As many of you know, I enjoy those unexpected moments in TV shows and movies when a glimpse of Christian worldview, or something that looks very much like it, peeks through. I think I saw such a theme last night on ABC's Castle.
(Major spoilers ahead)
As usual for this detective show, there was a police case to be solved, and there was also a subplot involving writer/detective Rick Castle's family. At work, Castle and his partner were interviewing people about a drug-related murder; at home, Castle's teenage daughter Alexis was upset over being bullied by a former friend. And one phrase kept being repeated: "This isn't me."
A pizzeria owner said, "This isn't me," after confessing to doing favors for the mob in exchange for having his rival's restaurant destroyed. A real estate agent said, "This isn't me," after owning up to her own involvement with the mob. And Alexis said, "This isn't me," after her father found out she'd gotten into a fistfight at school with her ex-friend. There were varying degrees of guilt here; Alexis seemed genuinely remorseful and took steps to resolve the conflict, whereas the real estate agent turned out to be the criminal mastermind behind the murder-of-the-week, along with many other murders.
Yet everyone from the sweet high school girl to the empress of crime showed the same remarkable ability to compartmentalize his or her actions.

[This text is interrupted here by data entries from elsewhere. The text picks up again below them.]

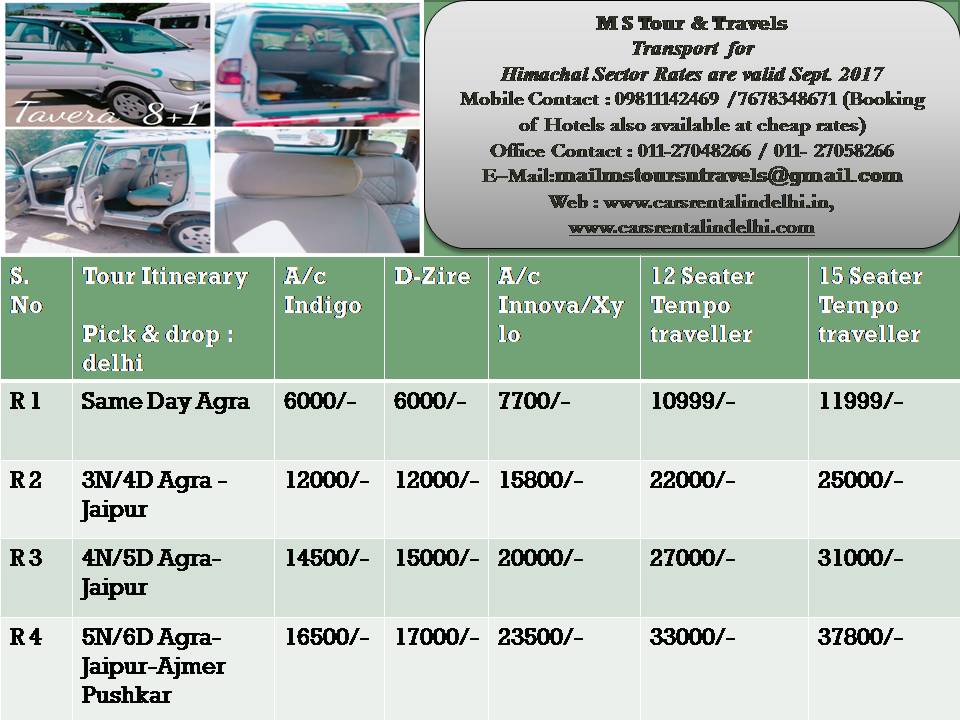 Terms & Conditions:-
All Toll, State Tax & Parking charges are included.
If government hike Diesel/Petrol price, then cost will increase without any notice.
All Rates are subject to availability.
In These Rates (ROHTANG PASS in Manali) are not Included.
Note :- service tax :- 6% Extra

This pattern was all the more intriguing because Castle, who was present for all of these moments, never commented on it or even seemed to notice it. I thought he might, but he didn't -- possibly because any loving father would naturally revolt against drawing a parallel between his child and a coldblooded killer. Nonetheless, the connection was there, and it was fascinating. I hope that at least a few of us viewers came away with the sobering reflection that, as much as we want to judge ourselves only by our well-behaved moments, in the end there's no one to blame for our sins but "me."